The Iowa State University College of Liberal Arts and Sciences survey of its 2011 graduates listed departments instead of degrees. With the exception of some fields of study, in which the small number of graduates can skewer the statistics, it showed close to nine of every 10 graduates in 2011 either working or continuing their education. This is true even in fields such as performing arts, where 12 of the 15 graduates had jobs and one other was continuing with education.
Student responsibility matters
Taren Reker Crow, career services coordinator at Iowa State University, said a student’s major in college has little to do with finding a job. Getting in front of employers does, she said.
“I’ve had students who are very successful because they’ve taken advantage of their resources,” Crow said of ISU students with degrees in fields with high unemployment rates. Internships, career fairs and leadership positions on campus give students invaluable networking opportunities, Crow said.
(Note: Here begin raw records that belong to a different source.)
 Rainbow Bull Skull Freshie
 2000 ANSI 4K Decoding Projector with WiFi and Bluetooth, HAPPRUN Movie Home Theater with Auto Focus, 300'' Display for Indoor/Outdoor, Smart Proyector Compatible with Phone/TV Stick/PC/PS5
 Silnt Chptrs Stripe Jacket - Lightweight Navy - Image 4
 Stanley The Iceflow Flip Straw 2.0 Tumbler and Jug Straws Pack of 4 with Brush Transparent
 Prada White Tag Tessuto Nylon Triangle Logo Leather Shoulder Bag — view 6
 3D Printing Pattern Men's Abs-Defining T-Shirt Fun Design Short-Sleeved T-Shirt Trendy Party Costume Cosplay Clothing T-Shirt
Less conventional opportunities also are important, she said. “I’ve had students get jobs just because they struck up random conversations in a restaurant.”
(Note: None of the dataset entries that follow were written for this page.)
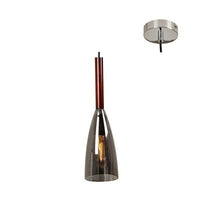 Eurolux smoked glass/dark wood pendant light, front view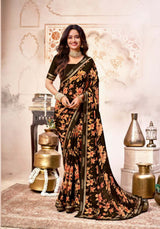 Krishnaleela Forella Georgette Fancy Print Saree With Fancy Lace Border 8 Pcs Set - M.R. Saree Emporium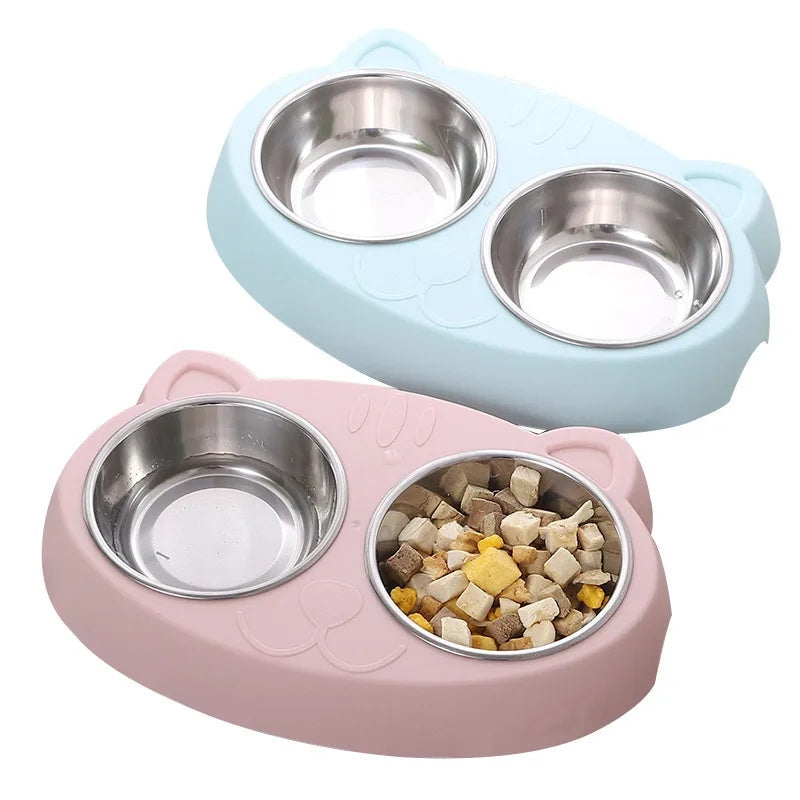 Macaron Style Pet Double Bowl Feeding Tray Plastic Food Water Set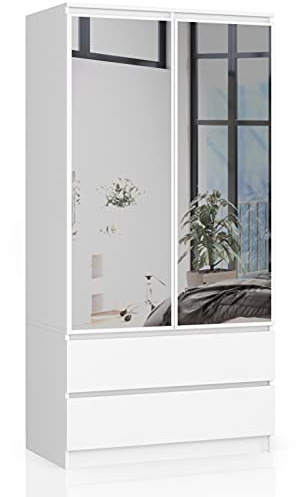 AKORD | Armadio con Specchio S | 90 cm Due Ante | 2 Cassetti con ripiani e Asta Appendiabiti | Mobiletto Cameretta Camera da Letto | Guardaroba | Pannello in laminato 16 mm | Bianco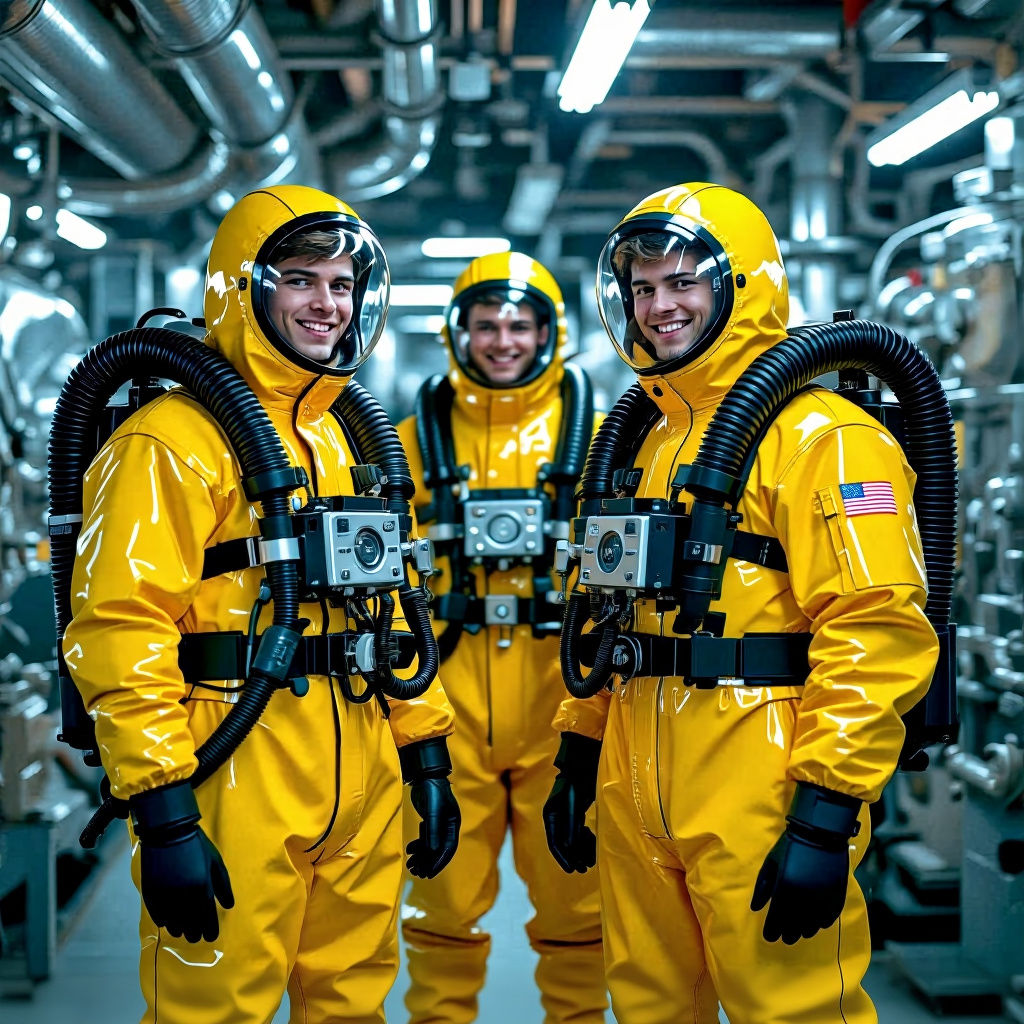 Cloned Men Meld with Machines in Enclosed Rubber Suits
Robert Frederick, director of career services at the University of Northern Iowa, echoed many of Crow’s points, but emphasized acquiring skills. “When you walk in the door, what are you going to bring?” Frederick said.
Hiring in education has been stagnant but the finance and insurance markets are seeing significant growth, he said.
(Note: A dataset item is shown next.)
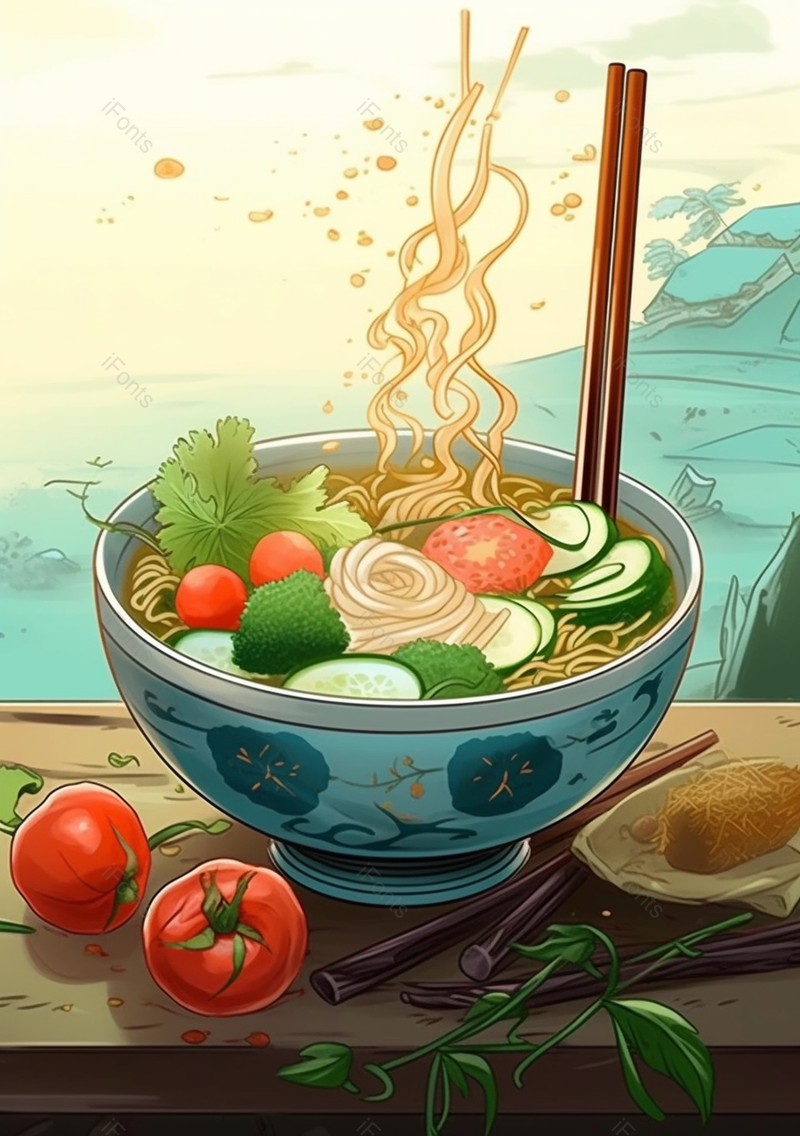 绿色碗里面条筷子美食美味中国小吃,插画/手绘图,插画/手绘图库,插画/手绘图下载,插画/手绘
University role in job prep questioned
George Neumann, an economics professor at the UI, said public universities have too many courses that do little to help students. He also said classes need not be a semester long, mentioning that Stanford University’s class catalogue is filled with three-week and four-week courses.
“Someone is going to have to bite the bullet and say, ‘If you want to get a degree, these are the skill sets you have to have,’” Neumann said. College majors don’t effectively communicate a student’s skills, he added.
“It’s not clear where you would employ a sociologist or English major,” Neumann said.
Individual certificates might be a favorable alternative to the traditional major, he said. They would validate a student’s demonstrable skill set and be more practical than the typical major.
Neumann said universities should overhaul curricula to focus more on developing skills rather than fulfilling a checklist of educational requirements. He emphasized tailoring curriculum to fit individual goals rather than lumping students into large, general categories.
Openings in Iowa Job Market
Kerry Koonce, communications director for Iowa Workforce Development, said the state is going in a positive direction. “There has been steady growth in the last six months and consumer spending has been going up,” Koonce said. “It’s the natural rebound of the recession.”
Koonce said manufacturing is adding jobs. The job markets in health care and agriculture have been strong but information technology has been stagnant. Information technology departments store, protect, process and retrieve information for large companies.
In March 2012, the last month for which Iowa Workforce Development data are available, Iowa had a 5.2 percent unemployment rate, 3 percentage points lower than the national rate.
Ben Moore is a senior majoring in journalism at the University of Iowa
Meanwhile…
According to FinAid.com, the cost of higher education has become an increasingly heavier burden. The site lists that college tuition tends to increase approximately 8 percent each year, about double overall inflation.